One note: the poll was conducted from November 7-25, whereas most polls released during the past week (which show Clinton's lead slipping) were conducted over a more recent three or four day period. The methodological strength of polling over 3.5 weeks is that the results are not skewed in light of any particular events that may soon fade from the consciousness of the electorate (this is one of the reasons polls are usually not conducted over just one day).

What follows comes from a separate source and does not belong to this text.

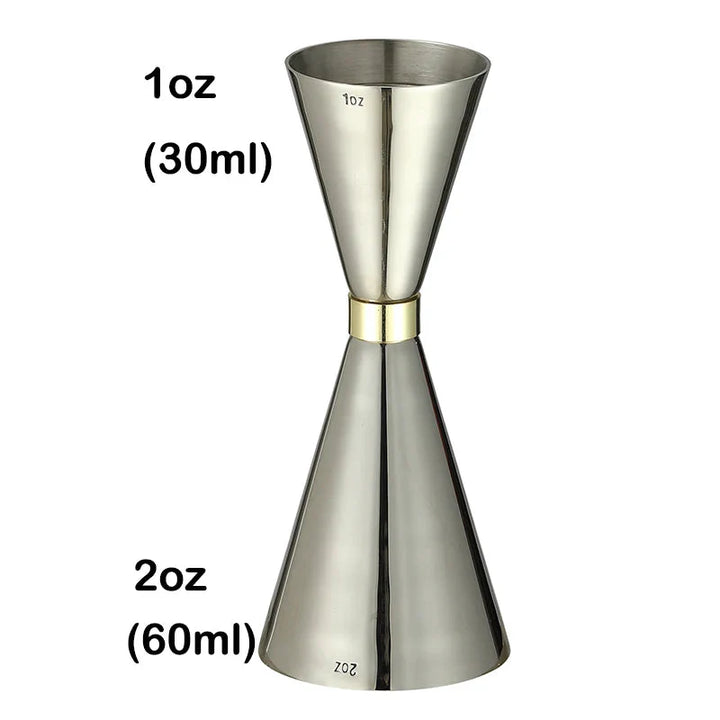 Stainless Steel Jigger Cocktail Jigger Bar Measures Bar Tools Bar Accessories | Bowlift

The danger of the new AP/Pew poll is that its polling period is so long, dating back nearly a month, that it waters down the possibility of genuine voter attitude change that has occurred during the past week toward the Clinton campaign. If, for example, AP/Pew releases new Republican polling numbers later this week, one would thus expect that Mike Huckabee's measured support to be not as strong than it is in the other polls that have flooded the news cycle during the past week.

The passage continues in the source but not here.